Decided to hit Deer Creek this morning with theoldman and Hockey before going camping to mill hollow tonight. Met at Harmons shortly after 6 and on the road. Launched at the Walsburg ramp and headed to the shallow end near the river. intentions were to fish near the bridge or the river that was coming out of it. Not a chance. I knew the lake was low but we were in 3-4 feet of water and still several hundred yards away from the usual fishing spot. We found the channel and fished it in a few feet deeper water. water temp was 70 degrees but felt much warmer then that. Took a half hour for the first bite but then after that it seemed like non stop action. Just bait fished today with kryptonite bait and worms. Fishing was hot and slowly dwindled as the morning went on. Ended the limit early in the day. Released at least more then the limit among us as well. Got Hockey home in time to actually get to work at a decent hour. I'm sure he only told a dozen people this trip that he was "at work" while we were fishing this time.  how would it be.


----------



## hattrick (Aug 29, 2011)

Looks like the smoker is going to get a workout.


----------



## poiboy (Nov 18, 2010)

What a catch. Catching your limit with good size fish is always what you hope for.


----------



## blueboy22 (Sep 30, 2007)

Good job, thanks for the update on Deer Creek. I going back up Sunday Morning. I was very surprised how warm the water felt also there. No wonder it takes so long to Freeze, Ha Ha.


----------



## 4pointmuley (Sep 18, 2007)

Hi "americanforkdude". I was just wondering if I could launch a 14' aluminum boat at Charleston boat ramp and then proceed west to the channel?
Also what is kryptonite bait? Where can it be purchased?


----------



## Fishrmn (Sep 14, 2007)

4pointmuley said:


> Hi "americanforkdude". I was just wondering if I could launch a 14' aluminum boat at Charleston boat ramp and then proceed west to the channel?
> Also what is kryptonite bait?
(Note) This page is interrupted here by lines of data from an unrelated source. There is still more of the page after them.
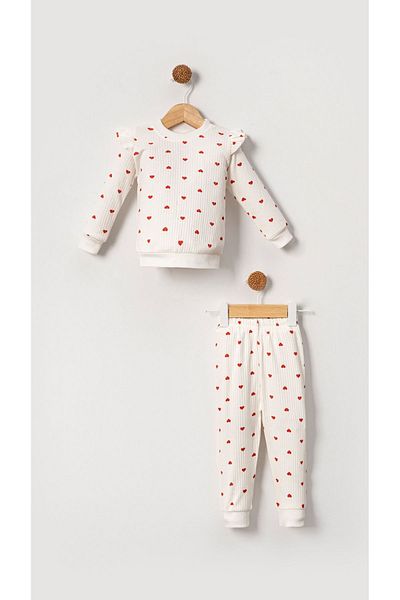 Bubito White Cotton Set of 2 for Baby Girl - Heart and Ruffles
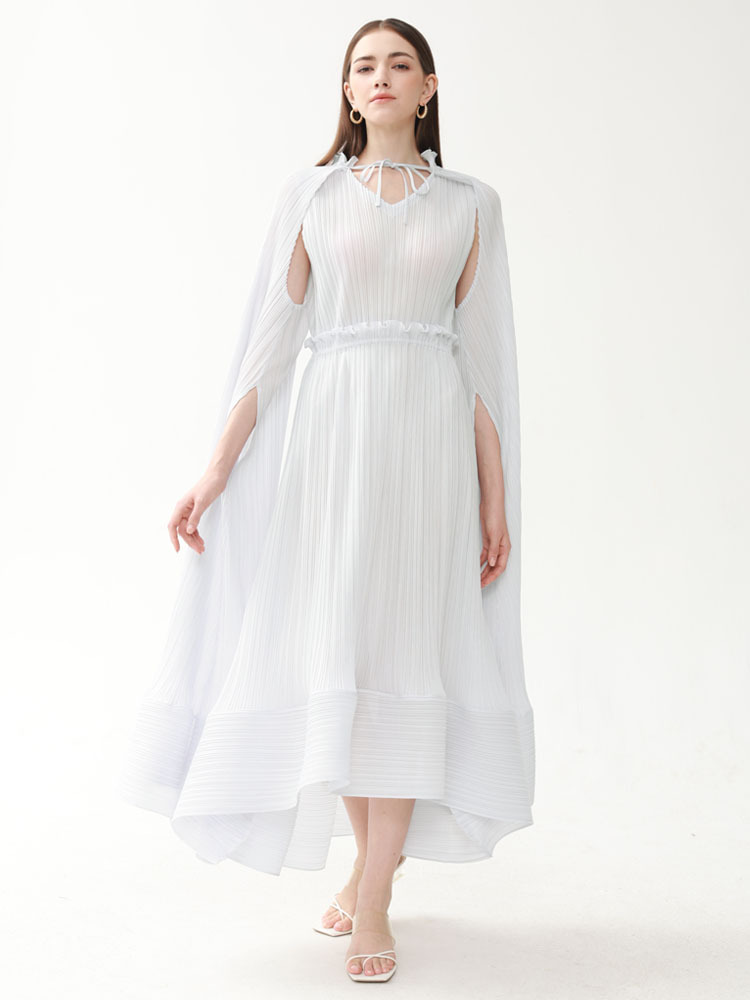 Extra Large Dress for Women Spring New Pure Color Casual Pleated Loose Cape Hanging Long-Sleeved Large Swing Skirt for Women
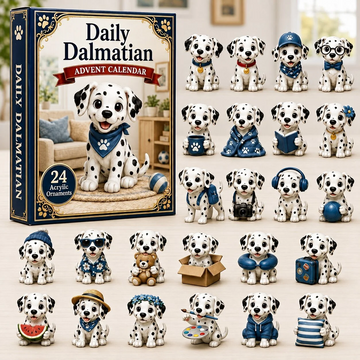 Daily Dalmatian Advent Calendar 2026 - 24-Day Countdown, Acrylic Charms Every Day Bring New Suprises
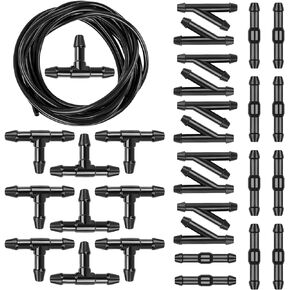 30 PCS Car Windshield Washer Hose Kit, 13.12Ft Washer Fluid Hose with I/Y/T Type Hose Connectors, Auxiliary Cleaning Accessories, Suitable for Most Car Windshield Fluid Tubing (Black)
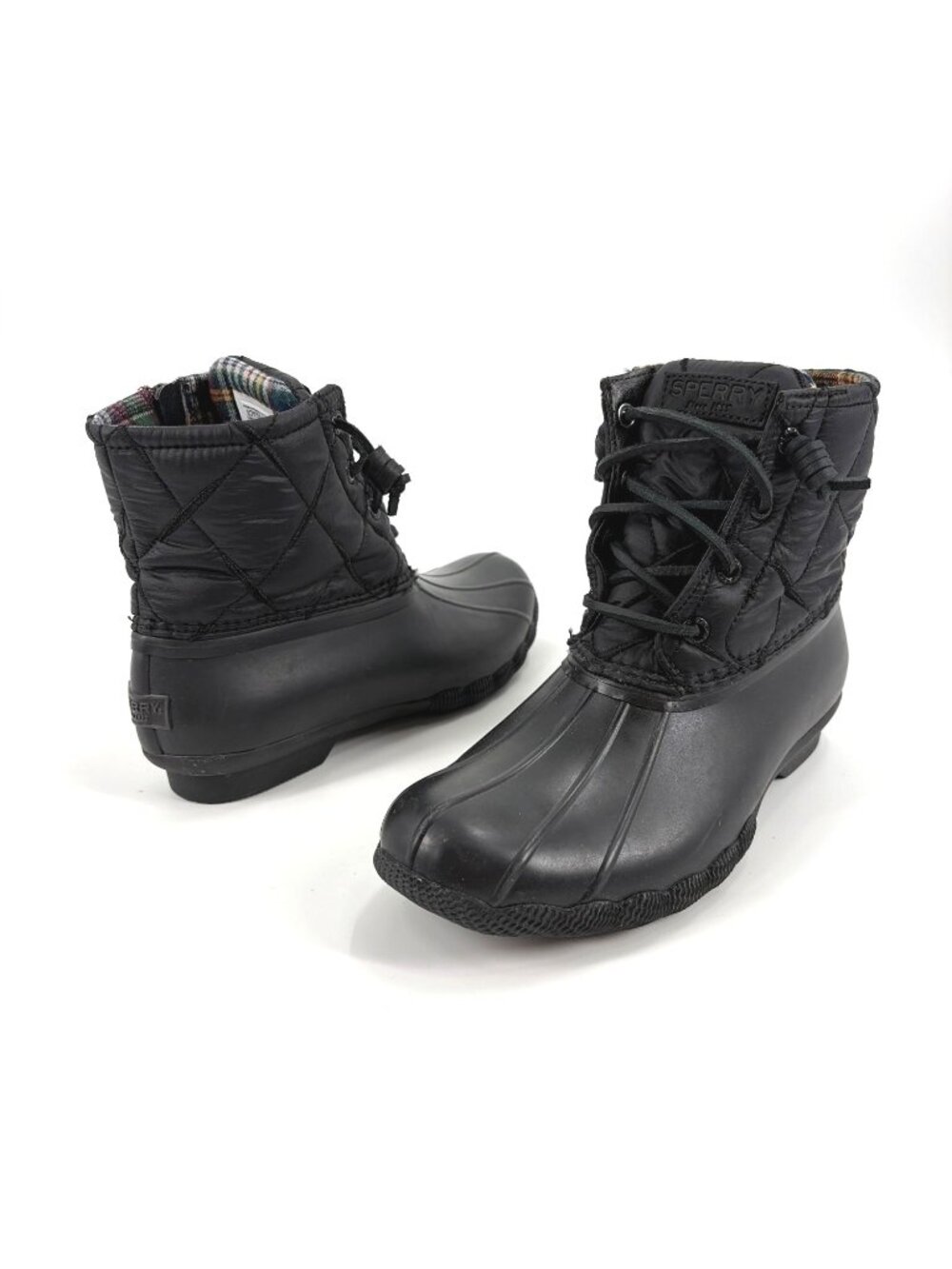 Sperry Saltwater Nylon Quilted Rain Duck Boots Womens 6 Outdoor Preppy Fisherman - Picture 1 of 7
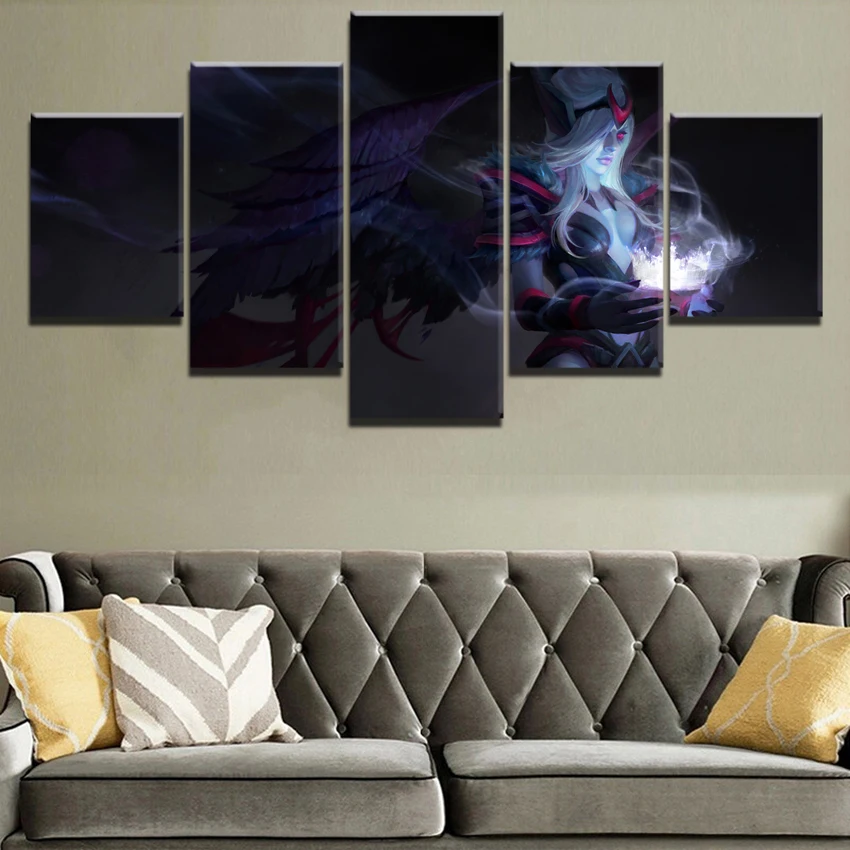 Home Decoration Canvas Painting 5 Pieces DotA 2 Game Pictures Wall Art Prints Creative Modular Artw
Where can it be purchased?


Launch? No. Carry a couple hundred yards? Probably not.


----------



## blueboy22 (Sep 30, 2007)

4pointmuley said:


> Hi "americanforkdude". I was just wondering if I could launch a 14' aluminum boat at Charleston boat ramp and then proceed west to the channel?
> Also what is kryptonite bait? Where can it be purchased?


4 Point, I wondered this too. I was at Sportsman warehouse in Provo and seen some kryptonite bait. It's like Power bait, it comes in a jar like Power bait. TIP: use a small hook like #16 but no bigger than a #14 and also try mixing your power bait together. Rainbow Sparkle and Lemon Twist are my Favorite right now but they don't always work great. Corn, Salmon egg, Garlic are my other go to baits.


----------



## 4pointmuley (Sep 18, 2007)

Thanks for the info!


----------



## americanforkdude (Sep 13, 2007)

Sorry just seen your post. If your interested in Kryptonite PM me, my buddy makes it and sportsmans carried it at one time but he actually sold it out but still makes his own out of his house. Some batchs are way better then powerbait and others are comparable to powerbait. And no, the Charleston is a no go. THe lake is dry on that side. The river doesn't even meet the lake for several hundred yards past the bridge now. Try launching from the main marina by bikini beach and drive over there. I had a 14' aluminum and I never had a problem making it over there and back. I was packing a 20hp motor though.


----------



## blueboy22 (Sep 30, 2007)

I was going to buy one of the only Jars they had left at sportsman but, They said they were throwing away 10 to 12 bottles of it away a week because it was going Moldy so I passed. Looks like it works though.


----------